What to produce
These records contain pictures, which must be left out; copy exactly the lines from the one with "Black redstart" up to and including the one with "Property image 2".

Record set
------------------------------

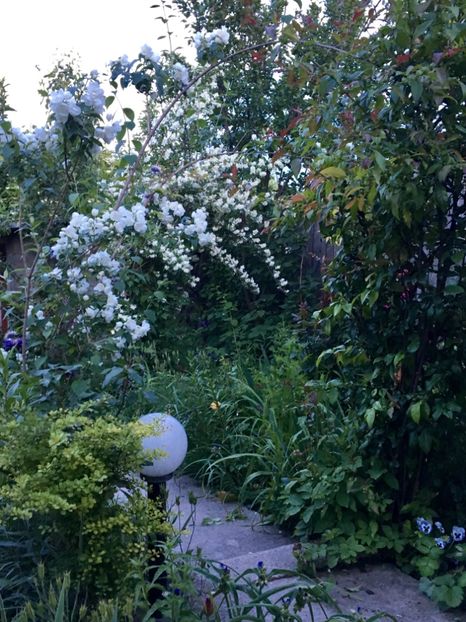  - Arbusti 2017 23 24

------------------------------

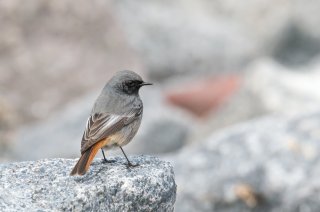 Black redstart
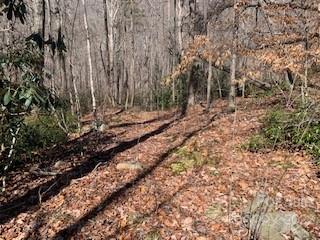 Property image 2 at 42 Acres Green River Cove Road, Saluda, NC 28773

------------------------------

Response for this exercise
 Black redstart
 Property image 2 at 42 Acres Green River Cove Road, Saluda, NC 28773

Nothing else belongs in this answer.